Watch your words. The words you use while interacting with colleagues on a daily basis are “incredibly impactful, and can reinforce biases without you even knowing it,” Beninger said. For example, instead of calling a female coworker’s style “abrasive” — which can help reinforce the double-bind that women in leadership often face — keep the focus on her work. And rather than remarking that a woman is “helpful,” thereby relegating her to a support role and potentially hurting her chances of scoring a leadership opportunity, talk about her contributions.

Men, particularly those in power, need to play a part. “Because men hold the vast majority of power, men have to actively be engaged in participating in all of these efforts to level the playing field,” Beninger said. On a day-to-day basis, she added, they can intervene in any workplace microaggressions or sexist comments they witness against women. “They need to interrupt that bias and be real role models with their peers.”

Normalize the use of work flexibility. Working moms can fall prey to the stigma associated with using flexible working arrangements to care for their kids, Beninger pointed out. So working dads, child-free folks and anyone else can counter that by being transparent about their own reasons for using flexibility, whether it’s to care for a child, hit up a yoga class or meet with the plumber. “If you can create a culture that is conducive to anybody using flexibility for any reason they want and that’s not held against them,” she said, “that can go a long way.”

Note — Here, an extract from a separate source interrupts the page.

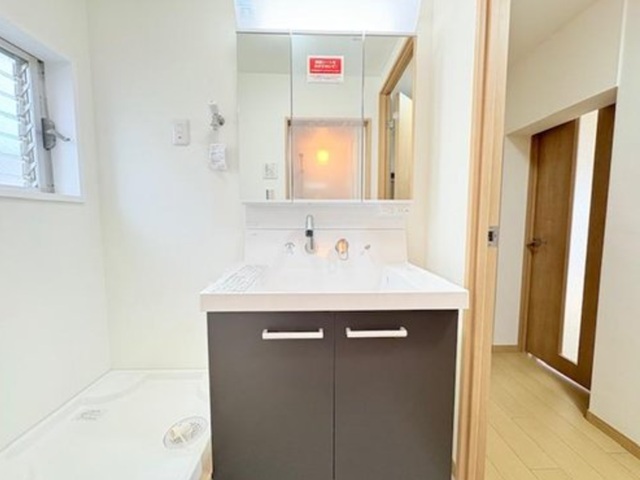相模原市南区鵜野森2丁目の中古マンション3階部分の洗面化粧台の写真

Advocate for your colleagues. One simple way to do that is to send a thank-you or congrats email to a coworker who has helped you or done particularly impressive work, Beninger said, and Cc their boss or others with power and influence. If it feels weird to copy the boss, encourage your colleague to forward the message along or use it in a performance review, she said. “Women are socialized to be modest and to not champion themselves. The beautiful thing about these emails is that women are using other people’s words,” she said. “It goes a long way to boosting women’s visibility when they may not necessarily feel comfortable doing it themselves.”